Catching up on Classics
This is a reading group based on key prose works of English, European and American literature. We read and discuss those classic novels that we feel we should have read, but have never got round to reading. We have used a chronological approach, beginning with Defoe's Robinson Crusoe, and are now almost halfway through the 20th century. Following requests from the group, we are now alternating 20th century and 19th century titles
We meet monthly in the Group Leader's house.
We had a couple of short novellas this month - "A Study in Scarlet" and "The Sign of the Four" both by Sir Arthur Conan Doyle. We felt they were both enjoyable, and an easy read, but they did not lead to much discussion. Doyle's attitude to race and to women were very much of his time, which was uncomfortable to read at times, though his descriptions of Victorian London were very evocative.

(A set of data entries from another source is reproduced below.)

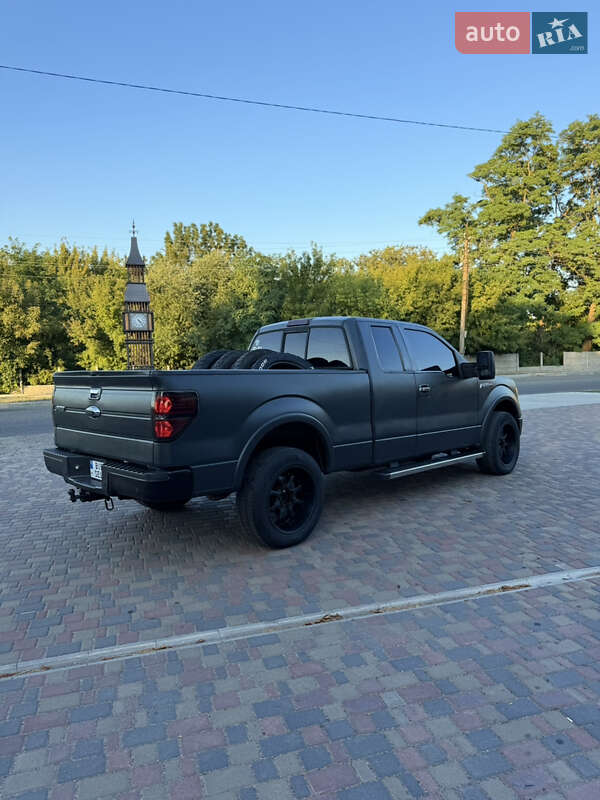 Пикап Ford F-150 2012 в Смеле фото 5 Пикап Ford F-150 2012 в Смеле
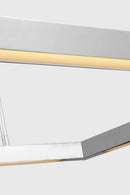 LED Linear Suspension<br /><span style="color:#4AB0CE;">Entrega: 4-10 dias en USA</span><br /><span style="color:#4AB0CE;font-size:60%;">PREGUNTE POR ENTREGA EN PANAMA</span><br />Collection: Stagger<br />Finish: Polished Stainless Steel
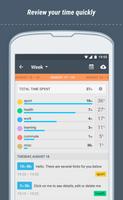 Time Meter syot layar 1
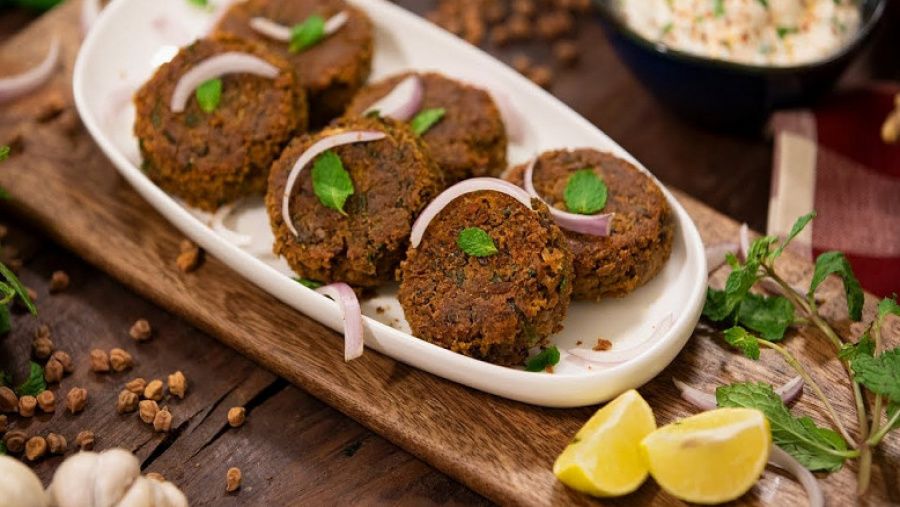 Veg Shami Kabab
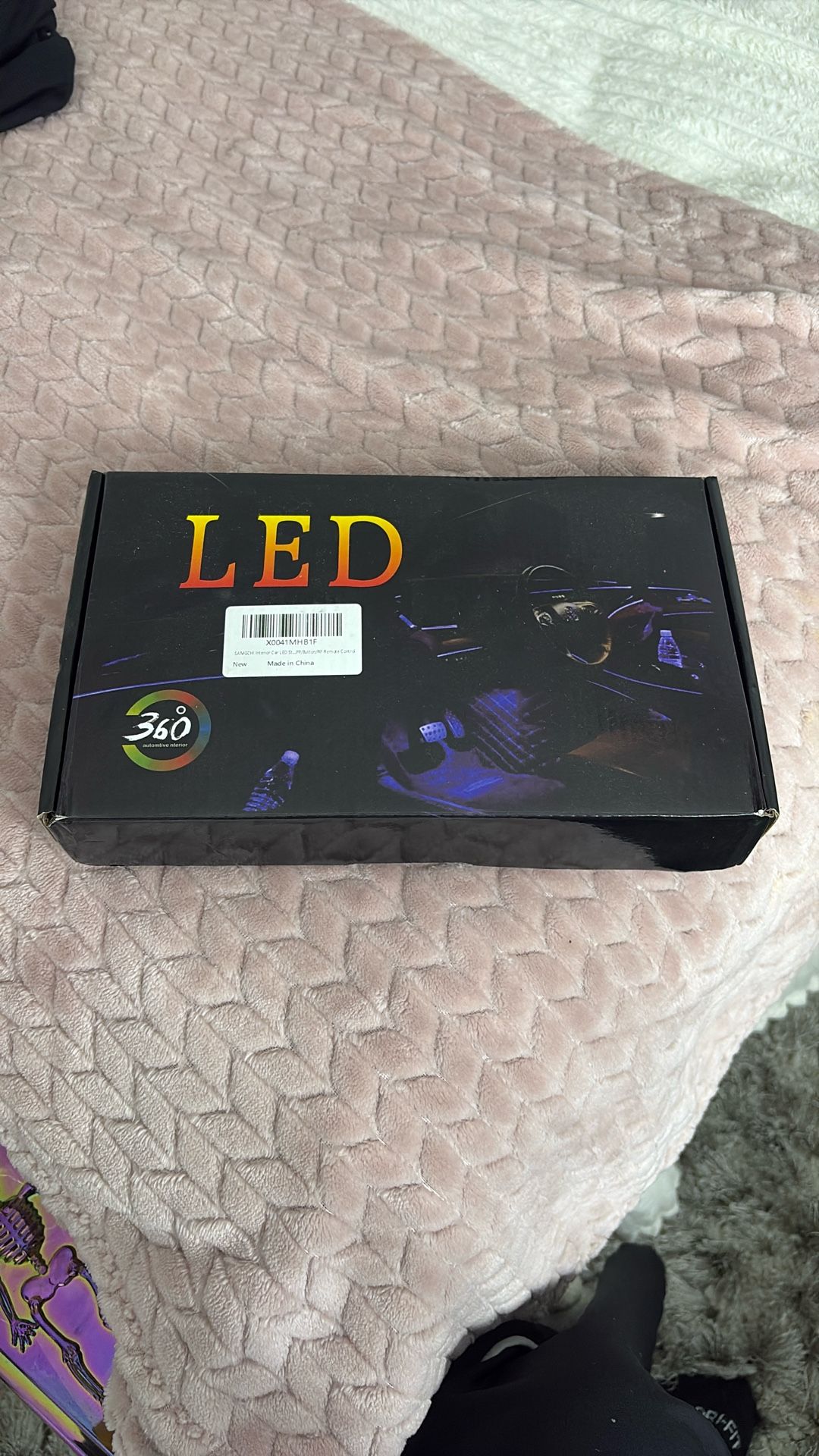 Led interior lights 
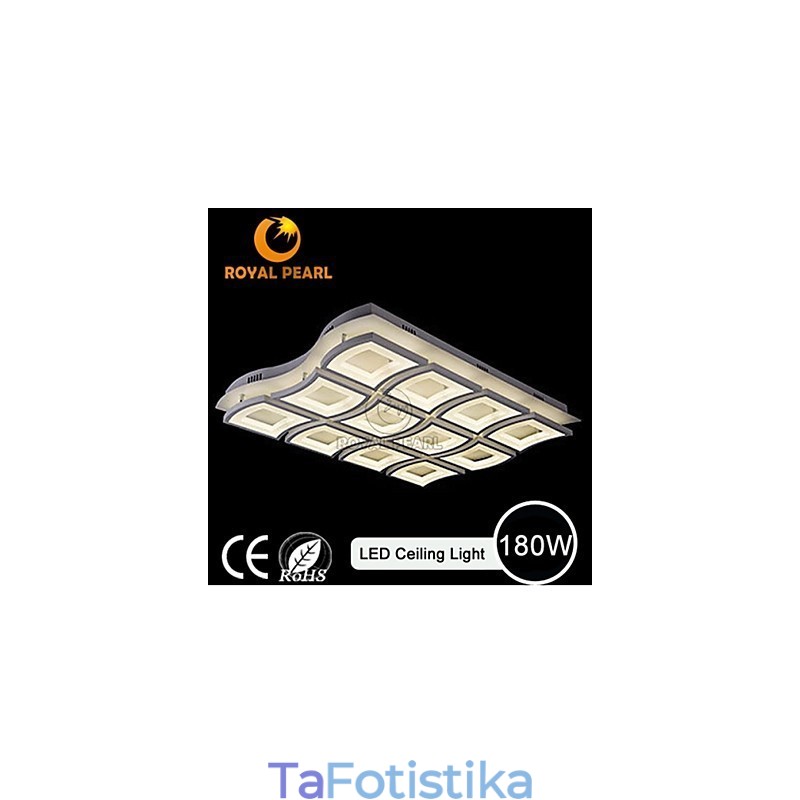 Κρεμαστό φωτιστικό Super Brightness Elegant Design 180W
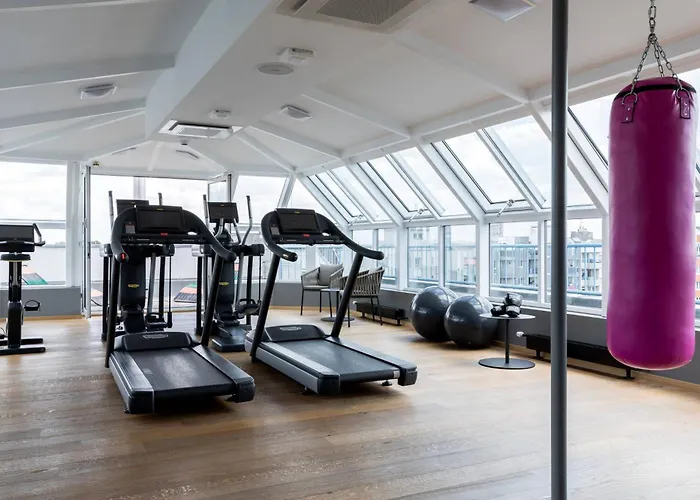 Moxy Humboldthain Park Berlín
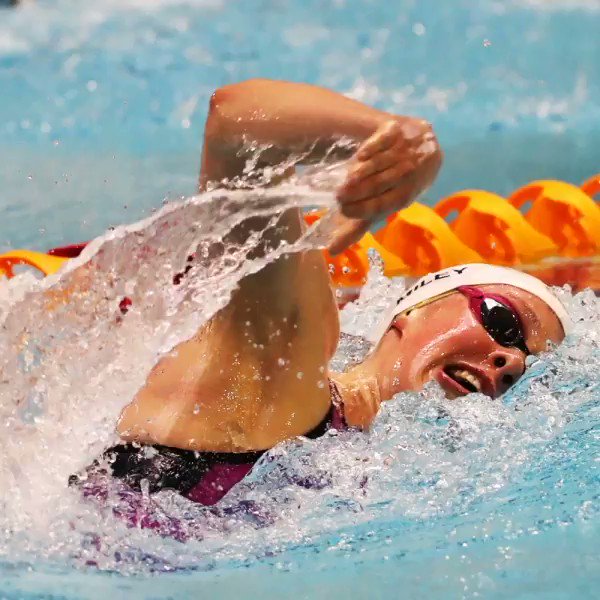 "No one can bug you or get in your head. It's just you and the water." @KeriannePayne As well as being an invaluable life-skill there are loads of physical and #mentalhealth benefits of #swimming Give it a go http://bbc.in/2GwmjZ4 #GetInspired #WaterWellbeing @STA_HQ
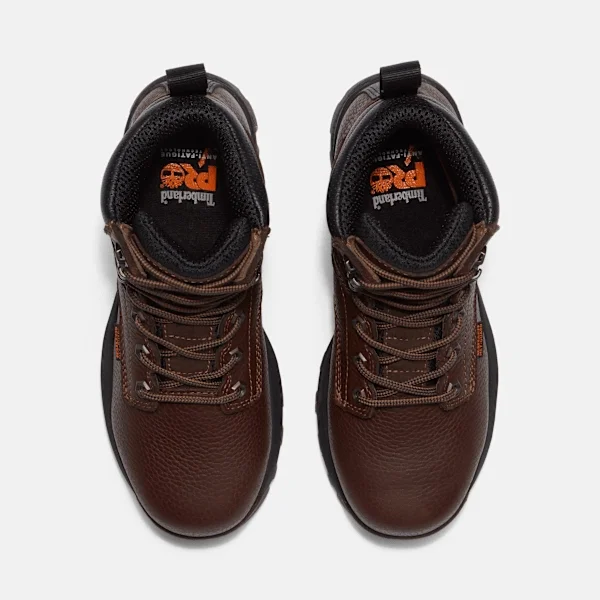 Bota de trabalho Titan™ EV Met Guard 6 com biqueira composta para mulher Bota de trabalho Titan™ EV Met Guard 6 com biqueira composta para mulher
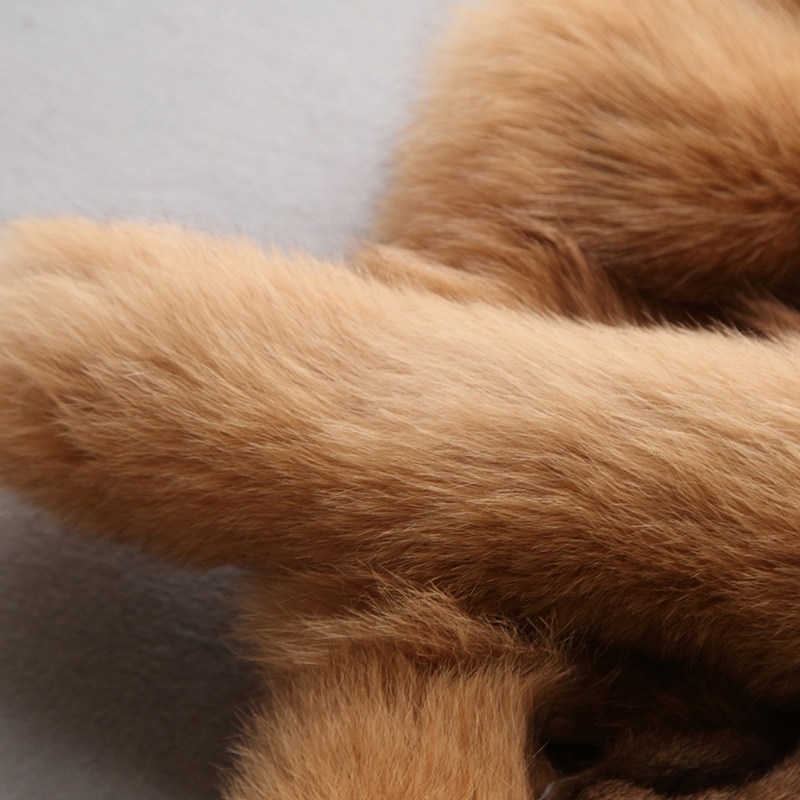 Manteau de fourrure femme - Ref 3172738 Image 4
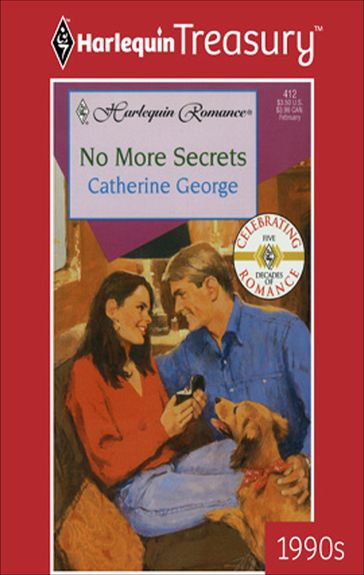 No More Secrets - Catherine George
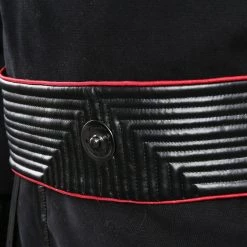 NewCosplay New Arrivals Star Wars The Mandalorian-Moff Gideon Outfit Halloween Carnival Costume Cosplay Costume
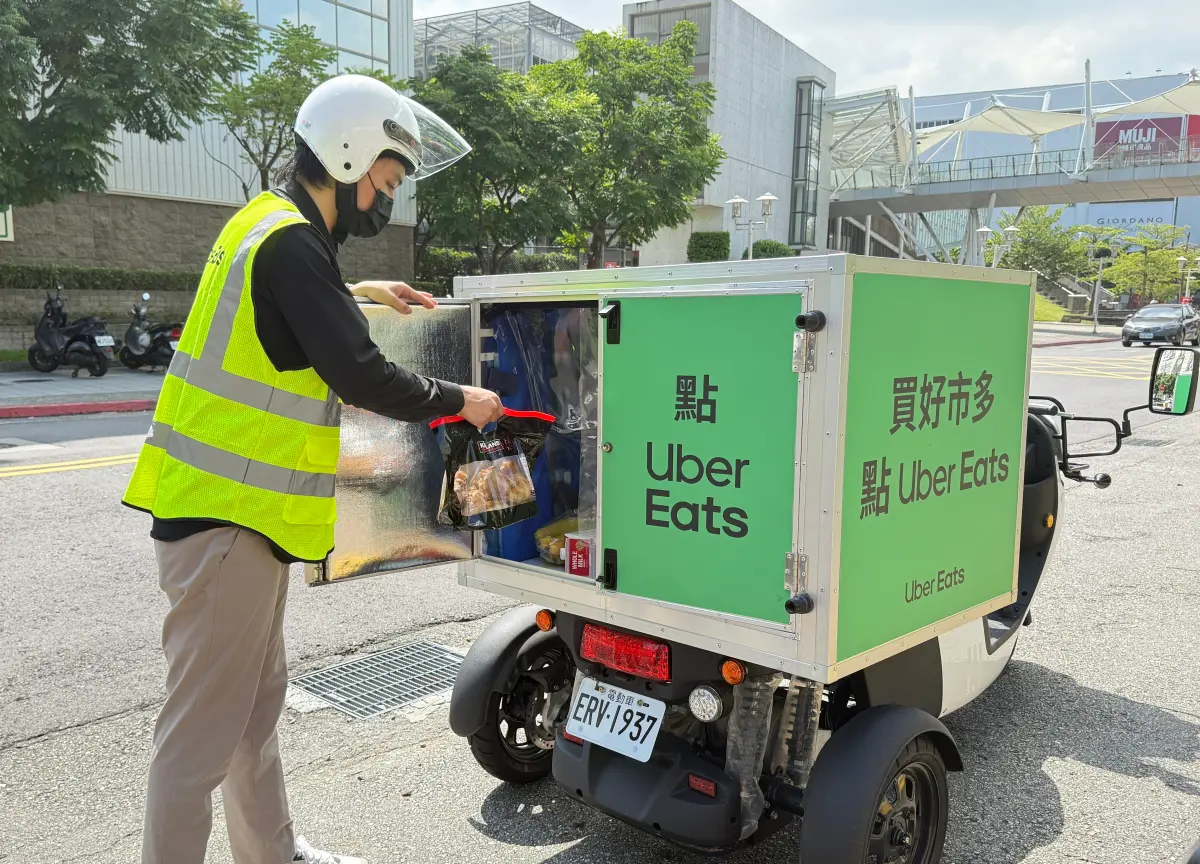 Uber Eats「2025外送美食」排行出爐！鍋貼奪冠、蔥比香菜更討厭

This month's book, "Brighton Rock" by Graham Greene, produced plenty of discussion. Although we agreed that it was not a particularly pleasant read, we felt that it was gripping, and raised serious questions about Good and Evil, and the possibility of redemption. Is it possible to be religious but have no moral compass? Or, alternatively, to lead an "immoral" life, yet have a strong sense of right and wrong? There were almost no likeable characters in this book, but they were all very vividly drawn.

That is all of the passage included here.